Are there ready-made, off-the-shelf solutions for integrating WLAN technology into existing IP VPN product offerings. What are the key pitfalls relative to supporting VPNs riding on W-LAN infrastructures? Do WLANs lend themselves for supporting a form of mobile VPN-roaming?
There are many commercial products that combine VPN and WLAN technologies. For example, WLAN stations running Windows XP can use the built-in VPN client to secure frames sent over wireless, through an AP, to a VPN gateway somewhere upstream. VPN clients like those sold by SafeNet, Certicom, SSH Communications, and Funk can be used over wireless as well. Visit the website of nearly any VPN/firewall vendor and you'll find white papers or tech notes describing how to use VPN to secure wireless traffic.

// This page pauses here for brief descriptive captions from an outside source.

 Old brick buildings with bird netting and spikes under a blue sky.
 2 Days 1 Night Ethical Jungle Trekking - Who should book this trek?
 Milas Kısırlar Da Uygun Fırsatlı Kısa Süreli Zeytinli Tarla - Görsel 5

There are also new products that focus exclusively on the challenges posed by wireless. Transport-layer VPN products from vendors like Columbitech and NetMotion enable secure roaming and session persistence for wireless devices that move between networks - for example, from GPRS to Wi-Fi. Network-layer WLAN gateways from vendors like Bluesocket, Cranite Systems, ReefEdge, and Vernier enable secure roaming between WLAN segments - for example, letting an IPsec tunnel persist when a station roams from AP#1 (802.11b) to AP#2 (802.11a).

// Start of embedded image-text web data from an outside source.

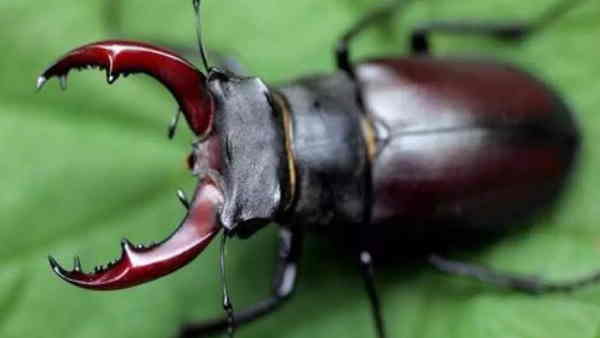 स्टैग बीटल क्या खाते हैं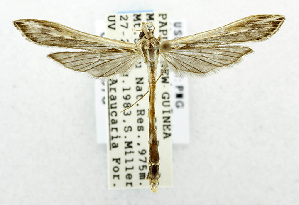  (Agdistopis halieutica - USNM ENT 00800976)  @11 [ ] Unspecified (default): All Rights Reserved  Unspecified Unspecified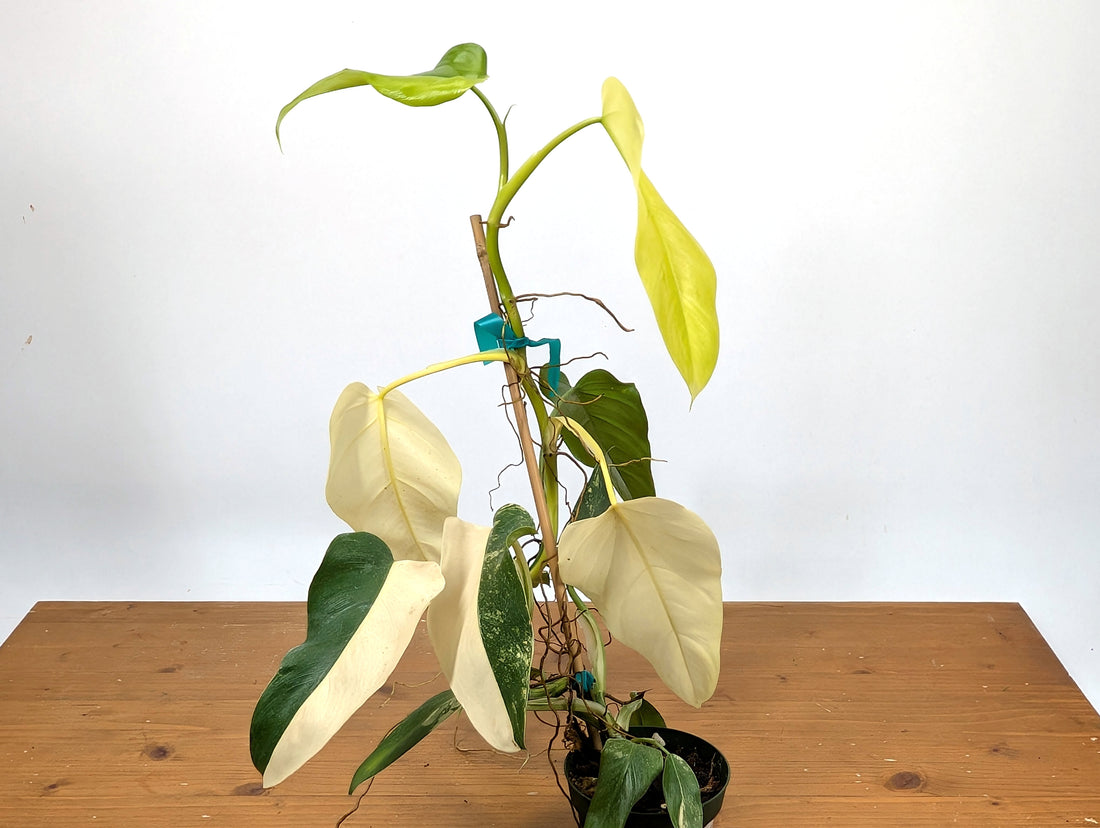 EXACT - Philodendron Mango Shake (Domesticum Variegated) | 4 Inch 
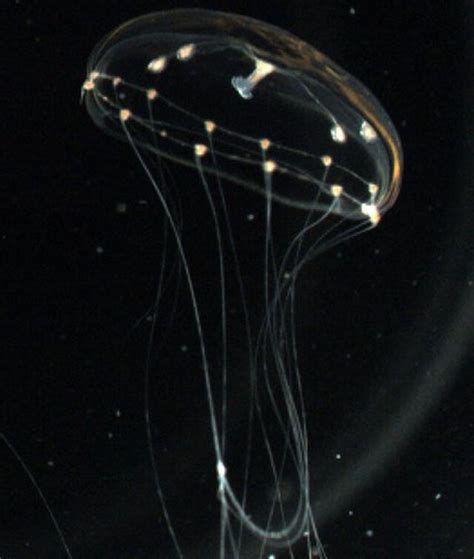 Jellyfish brain may tell us more about the human brain | SYFY WIRE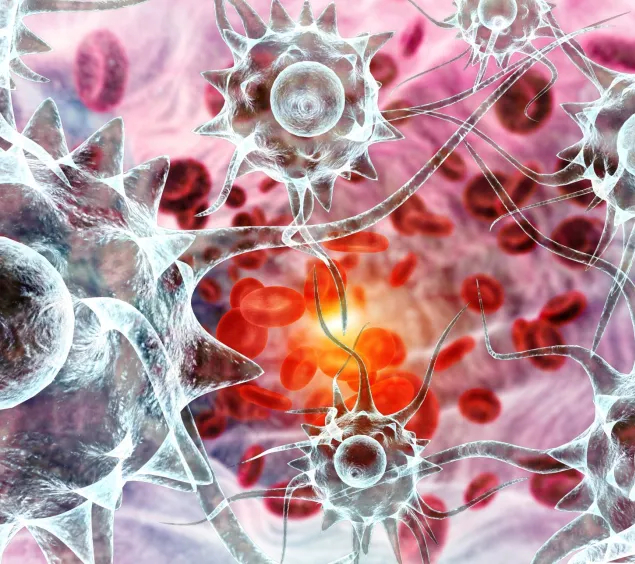 Bild rote Blutkörperchen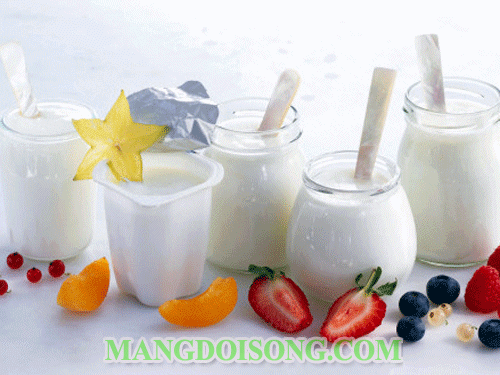 Cách làm yaourt bằng sữa đặc sữa tươi đơn giản tại nhà dùng để làm thực phẩm hay nguyên liệu làm đẹp cho tất cả mọi người 6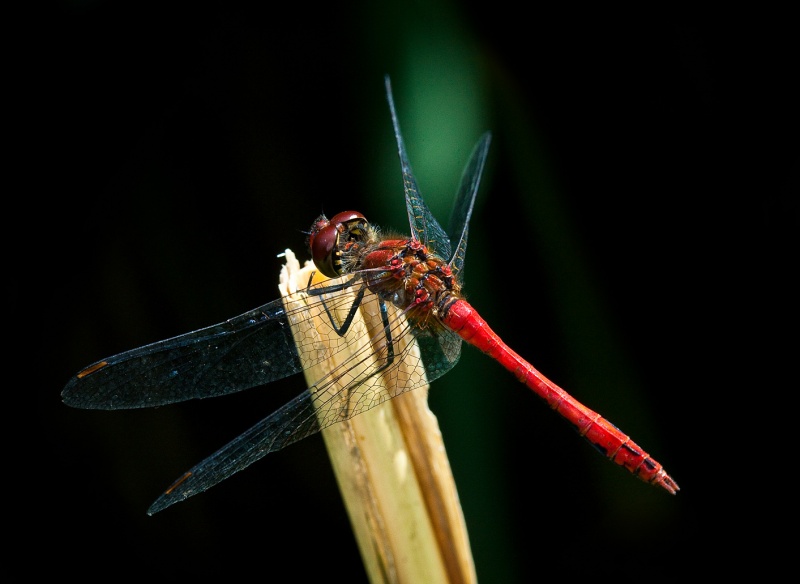 Die rote chinesische Schriftzeichen.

From these descriptions, you can tell that one of the problems with combining VPN and wireless is persistence. IP-layer VPN tunnels are bound to IP addresses. When a station roams, it (at least briefly) loses the link. When link state changes, the station's IP address may change (DHCP renew.) Any IP-layer tunnel bound to the old address is broken, replaced by a new tunnel, bound to the new address. Tunnel reestablishment may be automated, but takes time and resources. TCP sessions may timeout or get disconnected. Users get frustrated, and if they get too frustrated, they turn off the VPN client.

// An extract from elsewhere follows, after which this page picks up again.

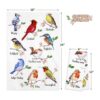 Juego de 4 toallas de cocina de pájaros en rama colibrí_3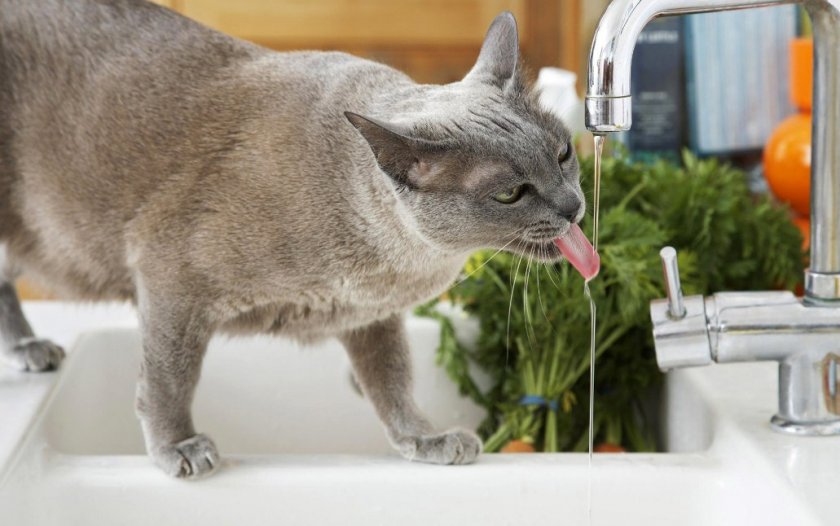 Кошка пьет воду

Solutions fall broadly into two camps. WLAN gateways often act as distributed VPN gateways, using tricks to let the station keep its IP address as it roams. Higher-layer "mobile VPNs" make stations IP-independent by assigning persistent virtual addresses, proxying application sessions, and queueing traffic when stations go unreachable. These are gross generalizations - I strongly recommend visiting vendor Web sites to learn how each product really works. There are other challenges associated with combining VPNs and WLANs. Reusing your existing VPN client makes a lot of sense in a company network where every laptop already has a VPN client. But WLAN operators may have no control over software installed on guest or student laptops, and some wireless devices (i.e., PDAs) may not support your existing VPN client. VPN gateways are usually sized to support relatively low-speed client tunnels - 54 Kbps dial or 1 Mbps broadband - so 11 or 54 Mbps WLANs can require more horsepower per tunnel. Because WLANs are typically used as a network access link, they inherit common issues associated with remote access VPNs - for example, NAT traversal and user-level authentication limitations. This doesn't mean that VPN is not a useful tool for securing WLAN traffic. It just means that there is room for innovation to streamline VPN over wireless, making these VPNs more efficient, transparent, and manageable.